Benghazi is a story that simply won't go away. It rivals the developing IRS story about using the levers of government for the benefit of government officials instead of in the service of We the People.
When government officials determine that the manner in which the political "message is managed" takes precedence over dealing objectively and effectively with the situation at hand, bad things can and do happen in our system of self governance.
And increasingly, it appears that "message managing" was job #1 in both the IRS case and the Benghazi debacle and tragedy during the most recent presidential election campaign.
Benghazi Disinformation Points is subtitled "Jay Carney seems to have forgotten the meaning of the word 'edit.'":
"Friday's revelation that the Obama Administration's talking points on Benghazi were revised a dozen times adds another reason not to trust the official story line. It also gives Congress new cause to keep digging.
Jonathan Karl of ABC News disclosed that the talking points evolved over time to exclude references to terrorists who might have participated in the attacks that killed four Americans last September in Libya. The first iteration on Friday September 14 prepared by the CIA said that "we do know that Islamic extremists with ties to al-Qa'ida participated in the attack."
After the twelfth edit a day later, the report merely said that "there are indications that extremists participated in the violent demonstrations." This change had the effect of underplaying potential terror involvement and made it easier for U.N. Ambassador Susan Rice to pitch the line that the attacks resulted from reaction to a YouTube video.
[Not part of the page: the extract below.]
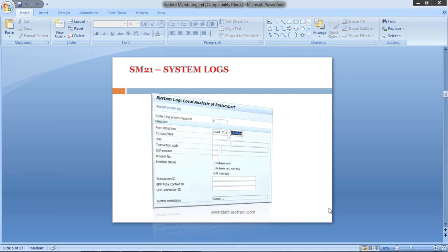Now we will see one more system monitoring activity, which is system logs. For system logs, you use the transaction SM21.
Mr. Karl also reported that the editing included substantial input from the State Department and others in government. This certainly contradicts the assurance from White House spokesman Jay Carney on November 28, 2012 that, "Those talking points originated from the intelligence community. They reflect the IC's best assessments of what they thought had happened."
Mr. Carney added that, "The White House and the State Department have made clear that the single adjustment that was made to those talking points by either of those two, of these two institutions were changing the word 'consulate' to 'diplomatic facility' because 'consulate' was inaccurate.". . .
The upshot is that the Benghazi story has new legs, despite the best efforts of White House allies in the media to dismiss it. House intelligence committee Chairman Mike Rogers said on Fox News Sunday that more "whistleblowers" with knowledge of what happened may come forward.
One issue worth more examination is which U.S. and NATO military assets were available in the region to respond to the attack, and why they didn't. The White House and Pentagon insist there was nothing within range that would have made a difference, but we also know that military officers respond to the political tone that civilian officials set at the top.
Did the well-known White House desire to retreat from Libya influence the ability and willingness of military officials to respond in real time? The lives of Americans around the world could hang on the answer."
This isn't a fun story, but it's absolutely necessary that the truth be told.
Unfortunately, it's becoming increasingly clear that the White House and State Department don't want that story to be told to the American people.
With the IRS targeting conservative groups and the Benghazi case shedding light on the way the government knows best political game is played in Washington, we're going to get a great civics lesson in why the term "public service" in the middle of a presidential campaign is a meaningless phrase at best.
That said, the truth must and mostly will come out, so let's hope it happens sooner rather than later.